$$ \int_{0}^{\infty}\frac{t^{1/2}}{1+t^2} dt$$
Must use the following to evaluate the integral above:
$$ \int_{0}^{\infty}\exp{(-y^2)} dy = \frac{\sqrt{\pi}}{2}$$
HINTS
- Use of Parseval Theorem
- $\mathcal{F_{s}[t^{-1/2}]} = \omega ^{-1/2}$
- Fourier Sine/Cosine table
FUNDAMENTAL INFORMATION
$$\mathcal{F_{c}[f(t)]} = \sqrt{\frac{2}{\pi}}\int_{0}^{\infty} f(t) \cos{\omega t}dt$$ $$\mathcal{F_{s}[f(t)]} = \sqrt{\frac{2}{\pi}}\int_{0}^{\infty} f(t) \sin{\omega t}dt$$
FINAL EVALUATION
$$ \int_{0}^{\infty}\frac{t^{1/2}}{1+t^2} dt = \frac{\pi}{\sqrt{2}}$$
Want the answer through the FST/FCT.
You have all the ingredients you need. The Fourier transform of $\frac{1}{1+t^2}$ gives you an exponential function (by the relation between the Cauchy distribution and the Laplace distribution), the Fourier transform of $\sqrt{t}$ gives you a $\frac{1}{\sqrt{\omega}}$, apply the change of variable $\omega=x^2$ and you are done.
You may also tackle the problem through the Laplace transform.

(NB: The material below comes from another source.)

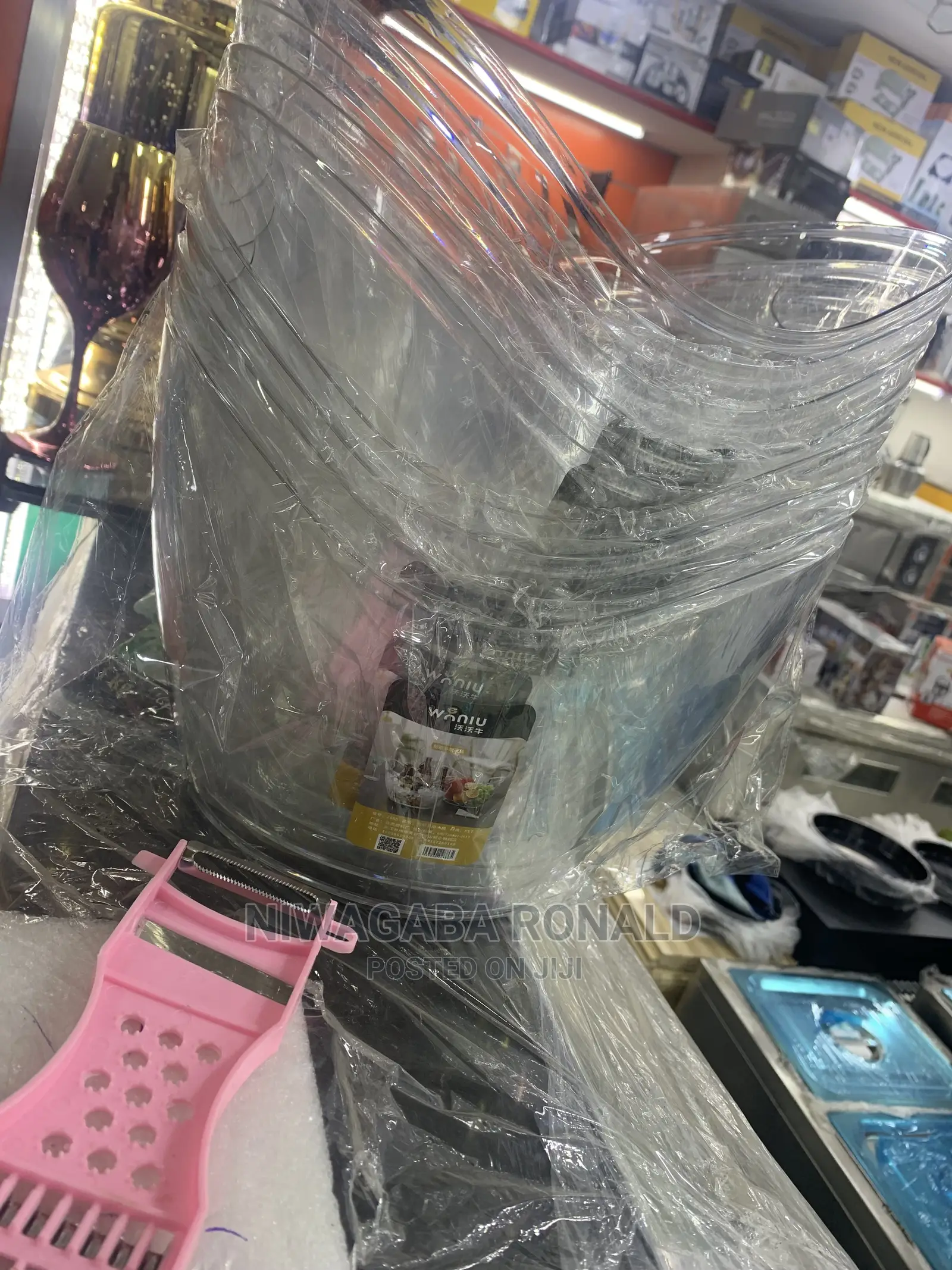 Medium Classic Transparent Ice Bucket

Namely: $$ \int_{0}^{+\infty}\mathcal{L}\left(\frac{1}{\sqrt{t}}\right)(s)\cdot\mathcal{L}^{-1}\left(\frac{t}{1+t^2}\right)(s)\,ds = \sqrt{\pi}\int_{0}^{+\infty}\frac{\cos(s)}{\sqrt{s}}\,ds =\sqrt{\pi}\underbrace{\int_{-\infty}^{+\infty}\cos(u^2)\,du}_{\text{Fresnel integral}.}$$
You may also invoke Glasser's master theorem: $$ \int_{0}^{+\infty}\frac{\sqrt{t}}{1+t^2}\,dt = \int_{-\infty}^{+\infty}\frac{du}{\left(u-\frac{1}{u}\right)^2+2}=\int_{-\infty}^{+\infty}\frac{dv}{v^2+2}=\color{blue}{\frac{\pi}{\sqrt{2}}}. $$